Rounding up the best acts made of socks, sponges and foam
Puppetry acts are the black sheep of the performing arts family: indulged but not held in serious regard. Shitty Deal Puppet Theatre Company’s Oh! What a Shitty War (●●) recounts the history of warfare with hand puppets. Mistaking the charmingly homemade for a pile of old tat, the politics are juvenile and the only good bits are nicked from Team America: World Police. Meanwhile, Puppet Grinder Cabaret (●●) promises anarchic, inventive and adult ventriloquism, puppetry and short films but the acts are uninspired, with the sole exception of a papier-mâché stripper.
The Scottish Falsetto Sock Puppet Theatre Goes to Hollywood (●●●) with the mouthy socks’ now familiar blend of songs, bickering and topical gags bent around the theme of film genres to a solidly commercial result. Also proving that a family outcast can surpass expectations and turn a quick buck is Paul Zerdin: Sponge Fest (●●●). With excellent ventriloquism skills and a range of mischievous puppet characters, this Royal Variety Show staple offers dependable laughs to anyone who thinks Britain’s Got Talent is a worthwhile way to spend a Saturday evening.

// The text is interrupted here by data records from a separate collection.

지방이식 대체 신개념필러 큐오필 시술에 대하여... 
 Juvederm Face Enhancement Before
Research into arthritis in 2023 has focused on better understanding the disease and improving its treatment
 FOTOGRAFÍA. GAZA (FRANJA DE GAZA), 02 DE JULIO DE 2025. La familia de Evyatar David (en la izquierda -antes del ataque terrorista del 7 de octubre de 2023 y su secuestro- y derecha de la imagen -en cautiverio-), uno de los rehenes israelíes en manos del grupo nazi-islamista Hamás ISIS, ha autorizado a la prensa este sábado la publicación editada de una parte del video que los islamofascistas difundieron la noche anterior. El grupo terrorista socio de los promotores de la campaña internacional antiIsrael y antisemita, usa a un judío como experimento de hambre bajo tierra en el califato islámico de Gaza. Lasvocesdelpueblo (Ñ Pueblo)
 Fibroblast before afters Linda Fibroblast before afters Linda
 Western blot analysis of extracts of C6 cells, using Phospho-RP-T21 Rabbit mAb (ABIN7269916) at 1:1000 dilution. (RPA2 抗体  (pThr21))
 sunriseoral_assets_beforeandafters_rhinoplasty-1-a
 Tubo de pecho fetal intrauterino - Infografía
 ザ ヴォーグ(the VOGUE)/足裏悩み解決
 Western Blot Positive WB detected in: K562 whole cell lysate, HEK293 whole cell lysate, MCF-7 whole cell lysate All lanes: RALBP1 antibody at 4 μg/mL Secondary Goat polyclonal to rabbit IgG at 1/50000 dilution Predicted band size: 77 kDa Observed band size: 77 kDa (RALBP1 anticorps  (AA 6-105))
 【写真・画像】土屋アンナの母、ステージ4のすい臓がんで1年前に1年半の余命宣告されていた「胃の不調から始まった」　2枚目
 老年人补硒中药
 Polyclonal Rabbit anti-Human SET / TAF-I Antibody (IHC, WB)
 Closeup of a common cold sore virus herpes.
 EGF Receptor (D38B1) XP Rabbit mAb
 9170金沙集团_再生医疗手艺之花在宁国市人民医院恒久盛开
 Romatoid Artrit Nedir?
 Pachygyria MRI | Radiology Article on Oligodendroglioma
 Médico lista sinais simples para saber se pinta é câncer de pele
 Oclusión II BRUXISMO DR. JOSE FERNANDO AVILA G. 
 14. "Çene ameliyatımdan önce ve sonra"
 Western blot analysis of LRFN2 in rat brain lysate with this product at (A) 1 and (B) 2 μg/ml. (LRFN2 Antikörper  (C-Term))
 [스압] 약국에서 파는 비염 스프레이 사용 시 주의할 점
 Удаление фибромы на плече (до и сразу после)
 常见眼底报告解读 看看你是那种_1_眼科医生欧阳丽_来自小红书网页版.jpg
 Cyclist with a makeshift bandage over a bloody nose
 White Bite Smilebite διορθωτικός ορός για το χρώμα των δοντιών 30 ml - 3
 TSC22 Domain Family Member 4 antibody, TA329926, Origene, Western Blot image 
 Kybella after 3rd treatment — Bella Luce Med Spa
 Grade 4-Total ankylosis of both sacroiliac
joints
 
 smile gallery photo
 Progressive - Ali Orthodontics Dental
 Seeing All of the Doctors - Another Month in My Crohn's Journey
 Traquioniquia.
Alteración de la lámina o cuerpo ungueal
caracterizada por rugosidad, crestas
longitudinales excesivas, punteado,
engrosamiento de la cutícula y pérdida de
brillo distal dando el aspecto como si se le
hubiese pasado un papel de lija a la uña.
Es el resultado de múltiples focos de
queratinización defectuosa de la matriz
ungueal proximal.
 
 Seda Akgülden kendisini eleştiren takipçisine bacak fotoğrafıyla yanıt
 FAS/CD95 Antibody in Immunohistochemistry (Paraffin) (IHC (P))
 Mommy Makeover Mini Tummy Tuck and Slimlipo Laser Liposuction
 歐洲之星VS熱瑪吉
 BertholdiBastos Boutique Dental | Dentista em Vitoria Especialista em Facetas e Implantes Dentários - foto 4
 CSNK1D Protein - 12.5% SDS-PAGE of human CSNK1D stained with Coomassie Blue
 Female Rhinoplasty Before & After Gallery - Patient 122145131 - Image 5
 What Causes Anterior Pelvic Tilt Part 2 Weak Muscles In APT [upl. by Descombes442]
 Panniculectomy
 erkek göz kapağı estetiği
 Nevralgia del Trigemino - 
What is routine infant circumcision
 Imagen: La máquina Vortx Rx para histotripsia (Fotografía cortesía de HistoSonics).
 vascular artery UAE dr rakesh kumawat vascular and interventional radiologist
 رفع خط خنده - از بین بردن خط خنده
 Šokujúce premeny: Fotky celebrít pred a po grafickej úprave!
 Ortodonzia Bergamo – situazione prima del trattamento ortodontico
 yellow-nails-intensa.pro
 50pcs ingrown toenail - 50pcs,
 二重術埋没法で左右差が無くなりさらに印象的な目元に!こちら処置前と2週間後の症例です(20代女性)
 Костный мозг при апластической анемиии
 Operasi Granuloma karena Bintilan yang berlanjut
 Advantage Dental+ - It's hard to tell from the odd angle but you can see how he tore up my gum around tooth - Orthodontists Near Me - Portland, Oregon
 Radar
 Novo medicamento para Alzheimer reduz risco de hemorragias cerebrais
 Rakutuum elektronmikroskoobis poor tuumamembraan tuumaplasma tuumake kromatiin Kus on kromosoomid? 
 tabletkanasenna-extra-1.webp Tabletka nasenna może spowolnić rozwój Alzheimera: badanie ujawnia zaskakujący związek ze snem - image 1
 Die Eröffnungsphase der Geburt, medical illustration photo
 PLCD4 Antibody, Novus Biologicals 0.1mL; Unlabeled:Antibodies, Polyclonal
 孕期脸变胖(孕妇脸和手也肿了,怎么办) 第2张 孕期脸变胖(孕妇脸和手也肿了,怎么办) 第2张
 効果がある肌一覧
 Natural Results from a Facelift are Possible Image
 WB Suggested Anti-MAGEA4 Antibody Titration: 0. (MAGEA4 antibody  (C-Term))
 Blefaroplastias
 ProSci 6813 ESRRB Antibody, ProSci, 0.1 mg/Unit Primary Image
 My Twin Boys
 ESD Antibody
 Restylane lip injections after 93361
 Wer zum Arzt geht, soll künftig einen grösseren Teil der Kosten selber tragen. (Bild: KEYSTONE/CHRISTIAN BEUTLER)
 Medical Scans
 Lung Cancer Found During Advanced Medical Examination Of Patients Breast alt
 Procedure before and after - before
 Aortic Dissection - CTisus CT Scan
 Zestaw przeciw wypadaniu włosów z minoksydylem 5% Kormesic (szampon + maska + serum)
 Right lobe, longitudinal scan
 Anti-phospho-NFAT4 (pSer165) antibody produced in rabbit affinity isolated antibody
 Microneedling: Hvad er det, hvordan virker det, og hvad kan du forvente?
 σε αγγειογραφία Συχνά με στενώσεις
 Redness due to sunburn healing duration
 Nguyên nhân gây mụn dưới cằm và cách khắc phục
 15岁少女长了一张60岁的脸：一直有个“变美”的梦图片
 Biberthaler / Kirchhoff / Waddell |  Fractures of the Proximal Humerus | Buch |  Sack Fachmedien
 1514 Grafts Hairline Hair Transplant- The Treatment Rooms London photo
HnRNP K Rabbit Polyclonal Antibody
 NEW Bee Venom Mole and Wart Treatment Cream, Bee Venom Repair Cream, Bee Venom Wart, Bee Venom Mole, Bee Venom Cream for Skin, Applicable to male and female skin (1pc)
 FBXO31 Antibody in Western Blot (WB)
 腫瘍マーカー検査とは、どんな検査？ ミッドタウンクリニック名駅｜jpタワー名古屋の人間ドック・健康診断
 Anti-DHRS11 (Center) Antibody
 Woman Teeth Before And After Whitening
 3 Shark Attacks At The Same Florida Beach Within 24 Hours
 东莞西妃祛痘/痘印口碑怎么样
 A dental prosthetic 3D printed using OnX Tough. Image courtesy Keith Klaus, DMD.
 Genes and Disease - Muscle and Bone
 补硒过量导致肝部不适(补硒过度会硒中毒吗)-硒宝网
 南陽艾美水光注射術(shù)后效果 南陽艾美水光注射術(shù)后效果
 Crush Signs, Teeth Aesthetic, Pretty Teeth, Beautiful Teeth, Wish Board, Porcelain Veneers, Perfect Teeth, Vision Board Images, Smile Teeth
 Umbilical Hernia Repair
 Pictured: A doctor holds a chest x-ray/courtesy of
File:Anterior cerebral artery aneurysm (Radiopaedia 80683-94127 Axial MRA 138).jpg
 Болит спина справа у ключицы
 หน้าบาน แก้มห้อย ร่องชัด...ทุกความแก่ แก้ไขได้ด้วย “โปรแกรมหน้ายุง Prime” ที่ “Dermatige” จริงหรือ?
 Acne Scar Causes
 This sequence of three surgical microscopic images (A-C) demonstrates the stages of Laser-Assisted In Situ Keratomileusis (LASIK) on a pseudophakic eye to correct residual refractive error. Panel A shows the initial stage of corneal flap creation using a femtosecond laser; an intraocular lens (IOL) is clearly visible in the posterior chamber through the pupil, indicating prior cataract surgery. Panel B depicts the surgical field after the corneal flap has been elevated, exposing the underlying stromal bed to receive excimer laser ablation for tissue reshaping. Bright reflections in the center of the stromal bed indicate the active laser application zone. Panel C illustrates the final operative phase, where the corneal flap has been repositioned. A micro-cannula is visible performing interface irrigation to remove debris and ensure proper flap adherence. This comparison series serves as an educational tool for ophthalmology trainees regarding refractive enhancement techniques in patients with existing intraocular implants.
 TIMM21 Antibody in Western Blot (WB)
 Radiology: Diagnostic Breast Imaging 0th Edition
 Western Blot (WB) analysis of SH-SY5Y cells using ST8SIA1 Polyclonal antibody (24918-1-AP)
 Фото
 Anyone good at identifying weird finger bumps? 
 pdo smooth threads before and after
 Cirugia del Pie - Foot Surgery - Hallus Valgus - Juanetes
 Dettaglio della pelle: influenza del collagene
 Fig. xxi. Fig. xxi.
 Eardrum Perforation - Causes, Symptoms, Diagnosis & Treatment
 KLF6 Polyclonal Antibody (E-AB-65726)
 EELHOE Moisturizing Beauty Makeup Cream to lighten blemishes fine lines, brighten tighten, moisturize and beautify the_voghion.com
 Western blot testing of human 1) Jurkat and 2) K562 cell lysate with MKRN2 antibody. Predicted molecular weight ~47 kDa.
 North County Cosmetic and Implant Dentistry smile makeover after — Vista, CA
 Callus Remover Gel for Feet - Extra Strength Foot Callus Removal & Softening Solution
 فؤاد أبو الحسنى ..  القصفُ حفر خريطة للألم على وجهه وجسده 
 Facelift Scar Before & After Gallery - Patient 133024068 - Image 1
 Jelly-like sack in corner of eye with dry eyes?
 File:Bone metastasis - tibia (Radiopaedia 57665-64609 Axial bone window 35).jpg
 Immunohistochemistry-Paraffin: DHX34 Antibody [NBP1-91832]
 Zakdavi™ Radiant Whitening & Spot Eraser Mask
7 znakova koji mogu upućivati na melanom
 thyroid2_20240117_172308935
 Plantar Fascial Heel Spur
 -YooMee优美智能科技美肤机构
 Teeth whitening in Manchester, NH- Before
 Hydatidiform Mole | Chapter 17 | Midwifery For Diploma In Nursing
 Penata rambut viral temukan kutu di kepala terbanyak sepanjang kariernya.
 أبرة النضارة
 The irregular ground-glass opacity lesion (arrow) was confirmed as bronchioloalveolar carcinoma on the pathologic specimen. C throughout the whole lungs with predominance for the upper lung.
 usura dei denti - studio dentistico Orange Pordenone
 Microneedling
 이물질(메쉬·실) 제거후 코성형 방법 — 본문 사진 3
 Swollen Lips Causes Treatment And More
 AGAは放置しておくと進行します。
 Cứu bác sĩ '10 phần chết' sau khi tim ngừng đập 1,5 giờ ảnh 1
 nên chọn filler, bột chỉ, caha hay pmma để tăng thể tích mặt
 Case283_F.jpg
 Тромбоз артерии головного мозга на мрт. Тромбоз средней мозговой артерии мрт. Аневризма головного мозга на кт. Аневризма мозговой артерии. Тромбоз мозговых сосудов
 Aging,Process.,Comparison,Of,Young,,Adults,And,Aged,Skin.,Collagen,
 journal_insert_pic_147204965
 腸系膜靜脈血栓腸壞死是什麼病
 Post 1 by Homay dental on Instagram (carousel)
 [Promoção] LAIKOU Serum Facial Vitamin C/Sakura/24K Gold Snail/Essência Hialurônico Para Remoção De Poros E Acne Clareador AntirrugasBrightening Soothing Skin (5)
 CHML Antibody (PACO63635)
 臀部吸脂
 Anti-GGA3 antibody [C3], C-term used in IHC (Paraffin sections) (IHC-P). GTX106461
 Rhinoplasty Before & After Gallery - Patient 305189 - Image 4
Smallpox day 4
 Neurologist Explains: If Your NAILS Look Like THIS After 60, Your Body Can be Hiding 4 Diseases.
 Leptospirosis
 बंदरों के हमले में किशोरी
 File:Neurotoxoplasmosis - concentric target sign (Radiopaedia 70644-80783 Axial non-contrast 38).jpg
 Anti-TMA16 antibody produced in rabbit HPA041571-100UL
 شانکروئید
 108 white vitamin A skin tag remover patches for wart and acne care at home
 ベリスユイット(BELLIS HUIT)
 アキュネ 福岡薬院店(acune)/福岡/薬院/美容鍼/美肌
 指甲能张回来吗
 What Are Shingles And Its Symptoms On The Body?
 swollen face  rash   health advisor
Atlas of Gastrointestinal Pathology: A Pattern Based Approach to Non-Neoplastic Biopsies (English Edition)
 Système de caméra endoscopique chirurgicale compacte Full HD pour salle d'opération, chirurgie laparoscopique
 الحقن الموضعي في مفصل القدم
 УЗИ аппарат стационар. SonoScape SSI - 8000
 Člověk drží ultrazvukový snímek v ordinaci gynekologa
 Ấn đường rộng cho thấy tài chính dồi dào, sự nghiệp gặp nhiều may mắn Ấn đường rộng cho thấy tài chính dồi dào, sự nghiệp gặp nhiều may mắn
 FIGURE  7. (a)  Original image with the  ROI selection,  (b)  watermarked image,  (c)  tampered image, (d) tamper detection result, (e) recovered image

At the opposite end of the taste spectrum is Randy’s Postcards from Purgatory (●●●●), the foul-mouthed saving grace of the much-maligned puppet fraternity. Randy is an alcoholic children’s entertainer in the midst of a break-up. A loveable loser in the style of John Cusack from High Fidelity, he narrates a self-deprecating tale leavened by musical numbers and made poignant by an affectingly honest delivery. The comedy on its own is of a high standard, so the fact that it’s delivered by an expertly manipulated puppet adds an extra layer of awe. Operated by Heath McIvor (of the excellent Sammy J in the Forest of Dreams), Randy proves that performers made of foam can give their human counterparts a run for their money, although they may need a hand to succeed.